### DATA

--------------------------------

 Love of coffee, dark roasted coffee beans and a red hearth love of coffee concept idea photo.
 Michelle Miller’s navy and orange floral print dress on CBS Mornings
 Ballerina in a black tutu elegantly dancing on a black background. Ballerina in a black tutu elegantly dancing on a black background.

--------------------------------

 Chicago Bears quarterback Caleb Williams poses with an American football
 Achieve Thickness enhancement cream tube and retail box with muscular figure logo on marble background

--------------------------------

### WHAT TO WORK ON
Nothing but a number belongs in the answer, namely how many lines above include "background".

### RESULT FOR THIS EXERCISE
2